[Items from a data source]
Start of Block

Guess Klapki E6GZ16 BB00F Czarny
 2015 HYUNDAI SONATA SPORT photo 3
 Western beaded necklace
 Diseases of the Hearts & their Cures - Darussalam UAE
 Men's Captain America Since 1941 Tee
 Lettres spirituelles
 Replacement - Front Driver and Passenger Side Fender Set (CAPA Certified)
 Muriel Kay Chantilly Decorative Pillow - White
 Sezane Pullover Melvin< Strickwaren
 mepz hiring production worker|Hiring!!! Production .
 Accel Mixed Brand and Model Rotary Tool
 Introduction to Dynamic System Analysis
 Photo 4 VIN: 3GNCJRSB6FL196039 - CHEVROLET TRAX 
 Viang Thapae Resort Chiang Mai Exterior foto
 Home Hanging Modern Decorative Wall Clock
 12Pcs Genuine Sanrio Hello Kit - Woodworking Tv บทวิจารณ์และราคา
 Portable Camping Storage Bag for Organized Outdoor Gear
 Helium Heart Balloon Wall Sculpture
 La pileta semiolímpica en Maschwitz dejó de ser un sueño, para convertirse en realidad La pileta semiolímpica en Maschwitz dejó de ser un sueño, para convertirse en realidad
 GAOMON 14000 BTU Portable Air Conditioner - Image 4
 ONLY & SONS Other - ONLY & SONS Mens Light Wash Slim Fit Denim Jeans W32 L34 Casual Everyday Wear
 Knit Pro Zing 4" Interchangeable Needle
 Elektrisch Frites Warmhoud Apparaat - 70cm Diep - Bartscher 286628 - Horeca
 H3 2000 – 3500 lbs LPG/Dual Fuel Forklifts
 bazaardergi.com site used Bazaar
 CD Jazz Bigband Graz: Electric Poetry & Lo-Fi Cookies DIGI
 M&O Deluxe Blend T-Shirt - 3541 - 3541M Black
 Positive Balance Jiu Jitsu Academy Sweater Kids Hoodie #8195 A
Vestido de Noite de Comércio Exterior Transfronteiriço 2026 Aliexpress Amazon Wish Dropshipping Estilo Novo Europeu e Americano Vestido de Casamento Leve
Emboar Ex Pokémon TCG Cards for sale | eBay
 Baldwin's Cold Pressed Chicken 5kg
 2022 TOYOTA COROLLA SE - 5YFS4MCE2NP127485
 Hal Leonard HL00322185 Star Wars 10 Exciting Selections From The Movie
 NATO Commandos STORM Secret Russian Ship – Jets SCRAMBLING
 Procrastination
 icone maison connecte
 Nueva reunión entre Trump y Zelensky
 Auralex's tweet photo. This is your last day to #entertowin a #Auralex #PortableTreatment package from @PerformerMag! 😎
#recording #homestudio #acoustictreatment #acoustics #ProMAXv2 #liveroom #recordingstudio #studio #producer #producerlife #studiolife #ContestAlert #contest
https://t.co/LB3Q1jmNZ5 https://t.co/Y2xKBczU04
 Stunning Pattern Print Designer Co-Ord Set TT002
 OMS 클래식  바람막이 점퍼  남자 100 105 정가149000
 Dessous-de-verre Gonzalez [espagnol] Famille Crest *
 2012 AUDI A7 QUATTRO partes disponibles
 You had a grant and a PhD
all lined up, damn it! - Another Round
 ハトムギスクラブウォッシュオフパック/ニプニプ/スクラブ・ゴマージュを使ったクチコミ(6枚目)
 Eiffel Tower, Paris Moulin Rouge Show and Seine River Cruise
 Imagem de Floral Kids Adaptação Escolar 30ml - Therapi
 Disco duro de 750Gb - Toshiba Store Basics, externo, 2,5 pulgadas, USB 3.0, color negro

End of Block

▶ **What is being asked**
All that belongs in the answer is the lines from the start of the entries above through the line containing "Sezane Pullover Melvin< Strickwaren", each given exactly.

▶ **Answer section**
Guess Klapki E6GZ16 BB00F Czarny
 2015 HYUNDAI SONATA SPORT photo 3
 Western beaded necklace
 Diseases of the Hearts & their Cures - Darussalam UAE
 Men's Captain America Since 1941 Tee
 Lettres spirituelles
 Replacement - Front Driver and Passenger Side Fender Set (CAPA Certified)
 Muriel Kay Chantilly Decorative Pillow - White
 Sezane Pullover Melvin< Strickwaren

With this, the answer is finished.